> _Instructions for the task_:
Each line of the listing, apart from the pictures, is to be printed exactly.

> _Input data_:
--- START ---

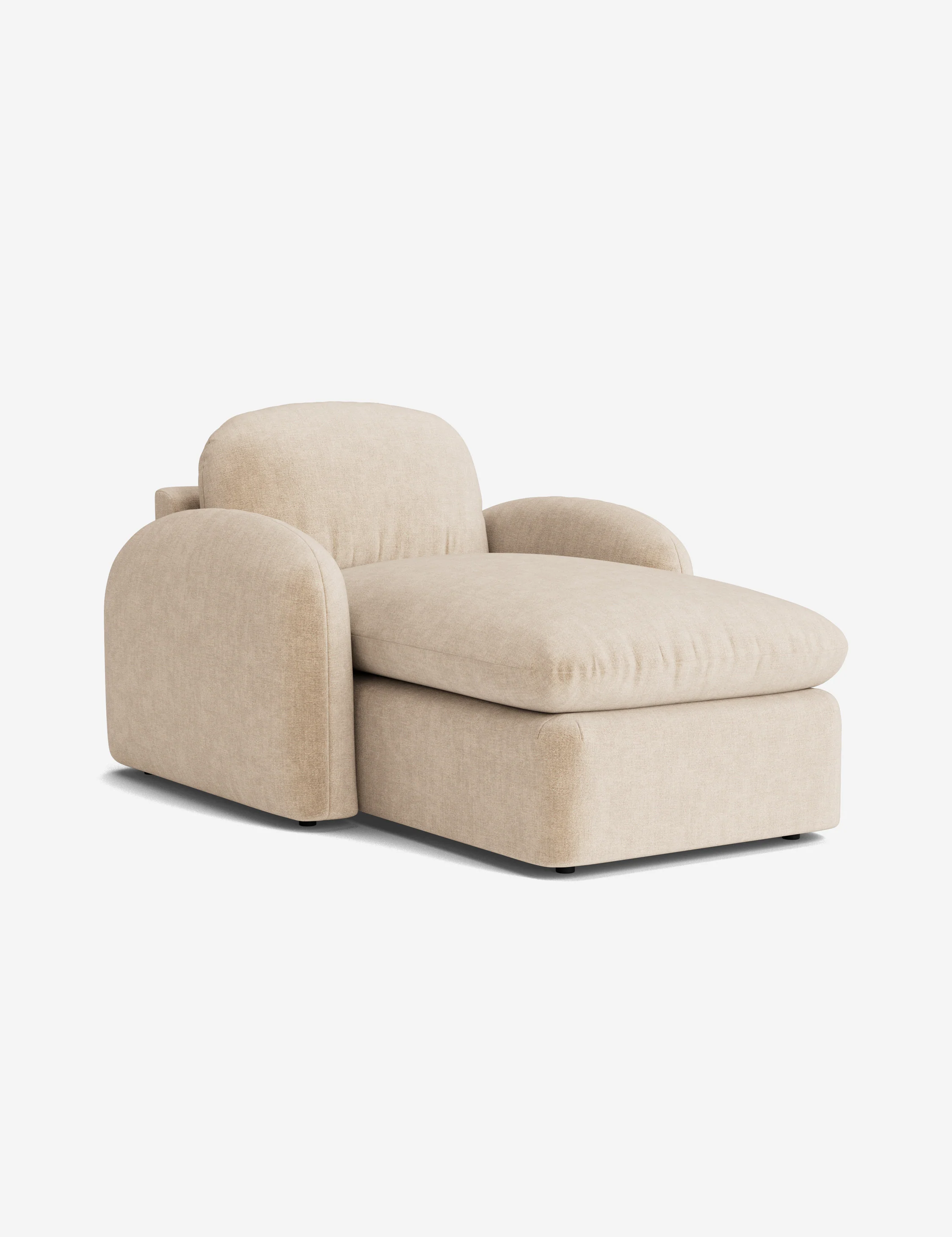Neve Chaise by Aimee Song - Image 147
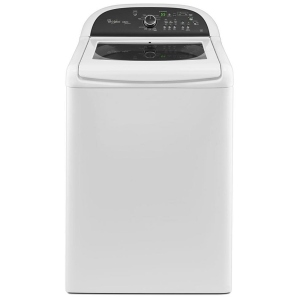 Whirlpool WTW8100BW videos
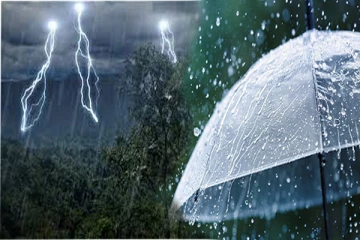 இலங்கையின் இன்றைய நாளுக்கான காலநிலை முன்னறிவிப்பு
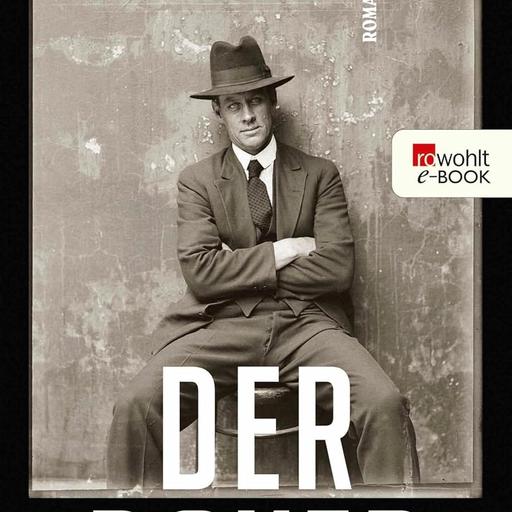 Szczepan Twardoch: Der Boxer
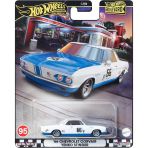 Hot Wheels Premium Chevrolet Corvair Yenko Stinger '66
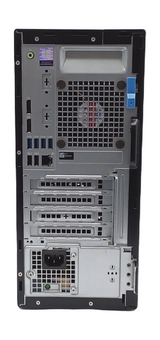 Dell OptiPlex 5060 Tower PC: 8th Gen Pentium CPU, 8GB RAM, 256GB SSD, Windows 11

--- END ---

> _Answer to the exercise_:
Neve Chaise by Aimee Song - Image 147
 Whirlpool WTW8100BW videos
 இலங்கையின் இன்றைய நாளுக்கான காலநிலை முன்னறிவிப்பு
 Szczepan Twardoch: Der Boxer
 Hot Wheels Premium Chevrolet Corvair Yenko Stinger '66
 Dell OptiPlex 5060 Tower PC: 8th Gen Pentium CPU, 8GB RAM, 256GB SSD, Windows 11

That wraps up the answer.